(Saved entries)
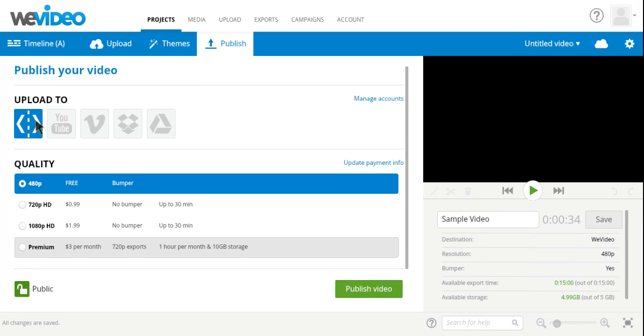Those are the basics of WeVideo. I hope you enjoy this tutorial and I hope you have a great time creating your new and customized projects. Thank you.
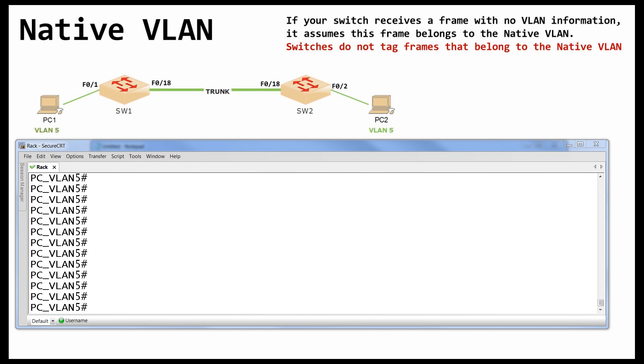Every time I talk to someone who wants to take the CCNA or ICND1 exam, I hear the following statement: OK, I am OK with subnetting, routing, local area networks. I really don't get this native VLAN. It is really strange.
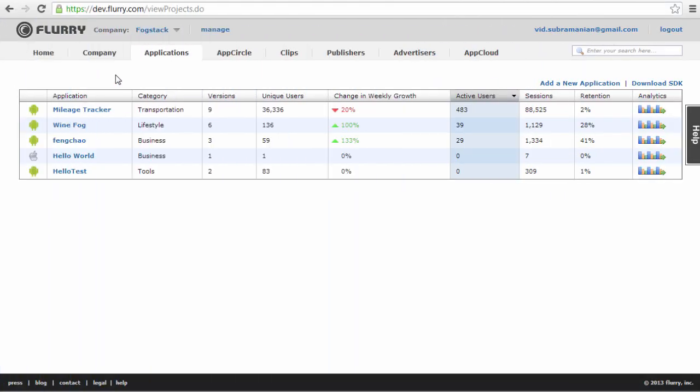Flurry User Acquisition Analytics helps app publishers understand the effectiveness of their install campaigns and the quality of the users acquired. It works by generating a unique URL to track each campaign, which Flurry uses to attribute an install. User Acquisition Analytics can be used on any ad network, so long as that ad network accepts a third-party URL for tracking purposes. It can also be used for campaigns run on other mediums, such as email, mobile websites, and so on.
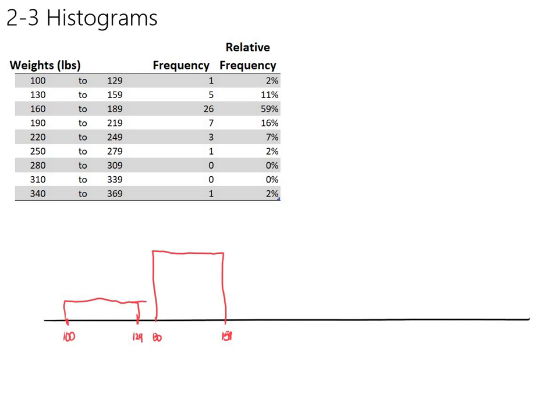We'll extend the bar, make it a little bit wider. Let's see, we need to erase the old edge of the bar here, so get rid of that.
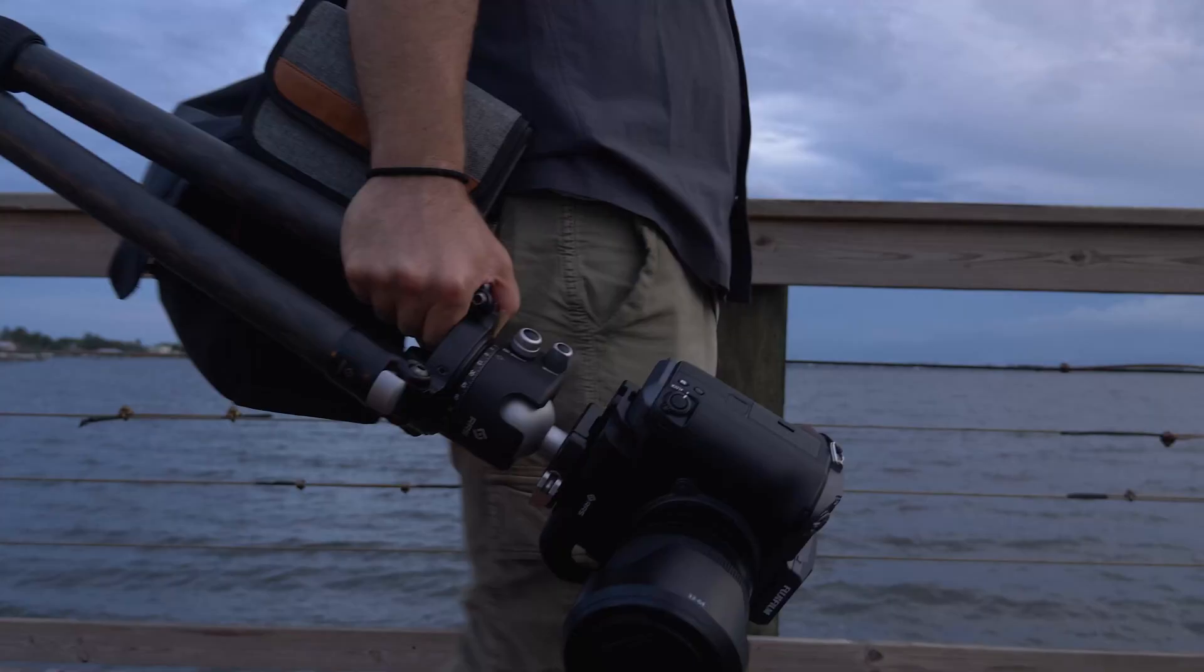Hey guys, this is Patrick Hall with fstoppers.com. In today's video, I'm going to look at some video transitions that I've always wanted to include in my own project.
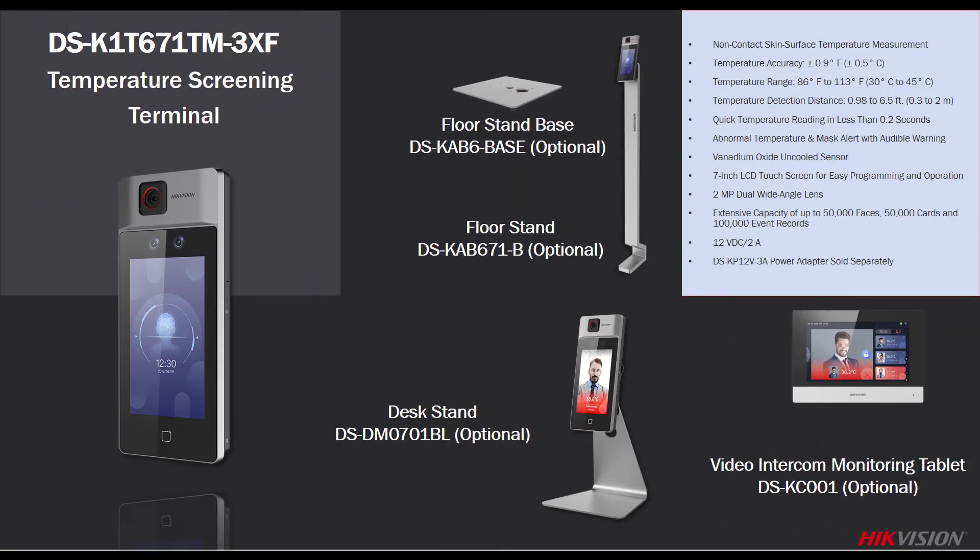At this point, we're ready to move forward with actual configuration of this device. Configuration can be done directly from the temperature screening terminal and configuration can be done via the IVMS 4200 software or even through our Hike Central software. Some things must be done at the terminal, other things can be done via the software. In the next video, we're going to start off the initial configuration of this device. Look in the description box below for a link to the next video in this series.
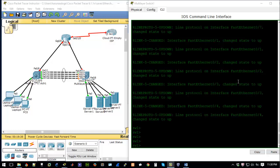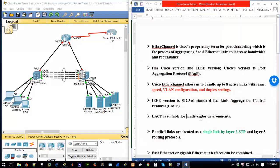Hello guys, Haruna here. In this screencast we're going to look at EtherChannel link aggregation — that is, bundling multiple Ethernet links to gain more bandwidth. EtherChannel is Cisco's proprietary term for port channeling, which is the process of aggregating Ethernet links to increase bandwidth and redundancy. Bandwidth and redundancy are basically the major aims of configuring EtherChannels.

* **Requirement**
Every entry, exactly as written: transcribe it, passing over any pictures.

* **Exercise solution**
Those are the basics of WeVideo. I hope you enjoy this tutorial and I hope you have a great time creating your new and customized projects. Thank you.
Every time I talk to someone who wants to take the CCNA or ICND1 exam, I hear the following statement: OK, I am OK with subnetting, routing, local area networks. I really don't get this native VLAN. It is really strange.
Flurry User Acquisition Analytics helps app publishers understand the effectiveness of their install campaigns and the quality of the users acquired. It works by generating a unique URL to track each campaign, which Flurry uses to attribute an install. User Acquisition Analytics can be used on any ad network, so long as that ad network accepts a third-party URL for tracking purposes. It can also be used for campaigns run on other mediums, such as email, mobile websites, and so on.
We'll extend the bar, make it a little bit wider. Let's see, we need to erase the old edge of the bar here, so get rid of that.
Hey guys, this is Patrick Hall with fstoppers.com. In today's video, I'm going to look at some video transitions that I've always wanted to include in my own project.
At this point, we're ready to move forward with actual configuration of this device. Configuration can be done directly from the temperature screening terminal and configuration can be done via the IVMS 4200 software or even through our Hike Central software. Some things must be done at the terminal, other things can be done via the software. In the next video, we're going to start off the initial configuration of this device. Look in the description box below for a link to the next video in this series.
Hello guys, Haruna here. In this screencast we're going to look at EtherChannel link aggregation — that is, bundling multiple Ethernet links to gain more bandwidth. EtherChannel is Cisco's proprietary term for port channeling, which is the process of aggregating Ethernet links to increase bandwidth and redundancy. Bandwidth and redundancy are basically the major aims of configuring EtherChannels.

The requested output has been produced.